Italian scientists first to become citizens at new CIS office
Pair’s ceremony held in room dedicated to Fermi
It was a fitting setting for two married Italian scientists who wanted to become U.S. citizens.
At Thursday’s opening of the new U.S. Citizenship and Immigration Services office in Albuquerque, Milena Veneziani and Gennaro D’Angelo took the oath and became naturalized citizens. They both work at Los Alamos National Laboratory.
And Thursday’s ceremony was held in a room that was dedicated the same day to another Italian scientist with a LANL connection: Enrico Fermi.
Fermi was an Italian immigrant who became an American citizen — and a Nobel Prize-winning physicist. He worked on the Manhattan Project at Los Alamos and is regarded as “the architect of the Atomic Age.”
Thursday’s naturalization ceremony was the first for the new CIS branch, on Mercantile NE near Interstate 25 and Montgomery.
Jesse Mendez, the director of the Albuquerque field office, said the newer offices will allow the agency to more efficiently process applications for citizenship.
Regarding Thursday’s ceremony, Mendez said, “I think having the special luck to naturalize these two citizens who have contributed not only to the community but the nation as a whole with the work they do as scientists, it was a tremendous opportunity.”
The two scientists have known each other since 1990, and their relationship has spanned continents.

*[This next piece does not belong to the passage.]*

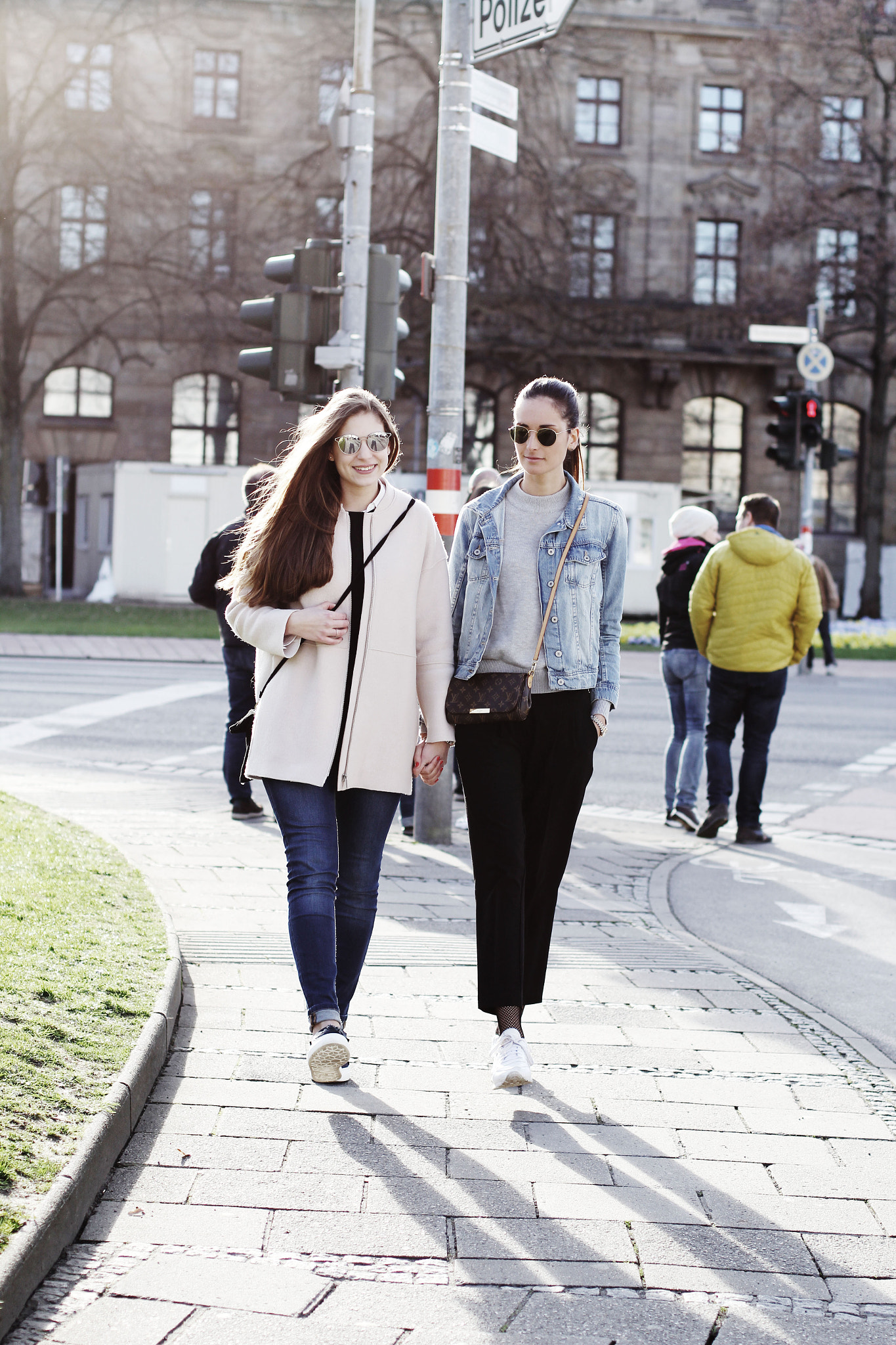 Canon EOS 60D + Canon EF 50mm F1.4 USM sample photo. Friendship photography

D’Angelo said that for years they would spend only a month or two together each year while they worked in different places.

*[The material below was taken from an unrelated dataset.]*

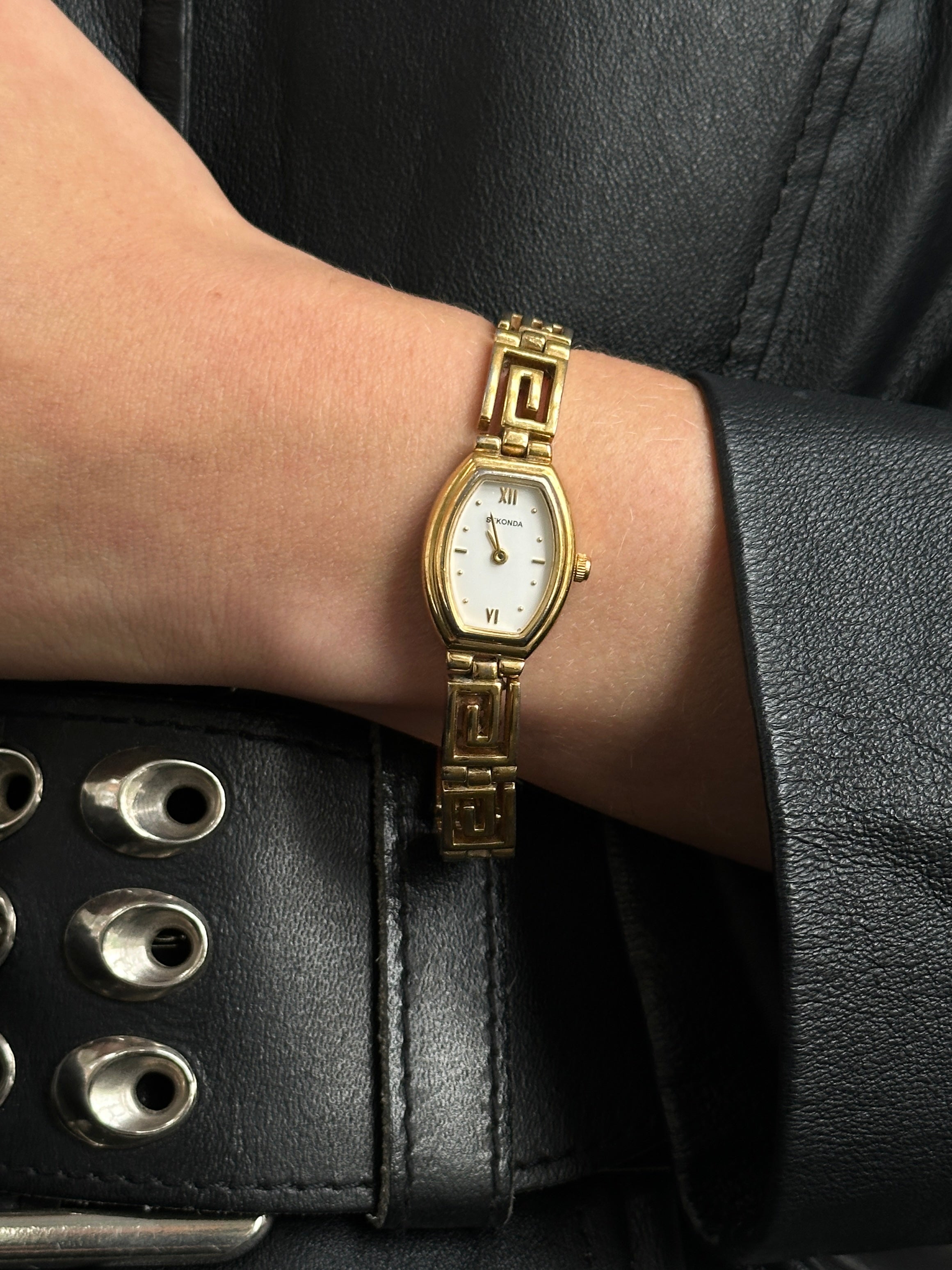 Sekonda 1990s oval gold-tone geometric quartz watch with a sleek design and classic style.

In 1999, Veneziani moved to the United States to work on her Ph.D. at the University of Miami. She is a physical oceanographer.
D’Angelo is an astrophysicist and worked in Europe until he moved to the San Francisco Bay Area in 2006. His wife then took a job in California.
The couple moved to Los Alamos near the end of 2011. They have two daughters, ages 4 and 9, who were born in the U.S.
Veneziani and D’Angelo first had temporary visas and then became permanent residents before starting the naturalization process this year, D’Angelo said.
“We’ve been here for a number of years, and we intend to stay here,” D’Angelo said. “It was a natural course of action.”
Mendez said the number of applicants at the Albuquerque CIS field office has increased steadily in the past four years. Each day, the Albuquerque office interviews about 40 naturalization applicants and 50 people trying to adjust the status of their green cards.
“I think this is the most rewarding part of our jobs,” Mendez said of the naturalization ceremonies that conclude the citizenship process.
U.S. District Judge Christina Armijo presided over Thursday’s ceremony.
“I believe so strongly we have to have reminders … in our lives about the value of citizenship,” she said.